About this exercise
Word for word, retype each record shown below.

-- Given records follows --

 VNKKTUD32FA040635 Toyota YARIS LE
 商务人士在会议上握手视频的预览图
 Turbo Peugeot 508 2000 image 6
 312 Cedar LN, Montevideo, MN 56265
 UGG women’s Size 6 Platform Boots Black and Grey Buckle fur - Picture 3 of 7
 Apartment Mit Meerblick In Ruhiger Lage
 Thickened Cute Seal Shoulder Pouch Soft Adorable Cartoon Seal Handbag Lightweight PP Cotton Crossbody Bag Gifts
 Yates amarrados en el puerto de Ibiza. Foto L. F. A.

-- Given records concluded --

Task result
 VNKKTUD32FA040635 Toyota YARIS LE
 商务人士在会议上握手视频的预览图
 Turbo Peugeot 508 2000 image 6
 312 Cedar LN, Montevideo, MN 56265
 UGG women’s Size 6 Platform Boots Black and Grey Buckle fur - Picture 3 of 7
 Apartment Mit Meerblick In Ruhiger Lage
 Thickened Cute Seal Shoulder Pouch Soft Adorable Cartoon Seal Handbag Lightweight PP Cotton Crossbody Bag Gifts
 Yates amarrados en el puerto de Ibiza. Foto L. F. A.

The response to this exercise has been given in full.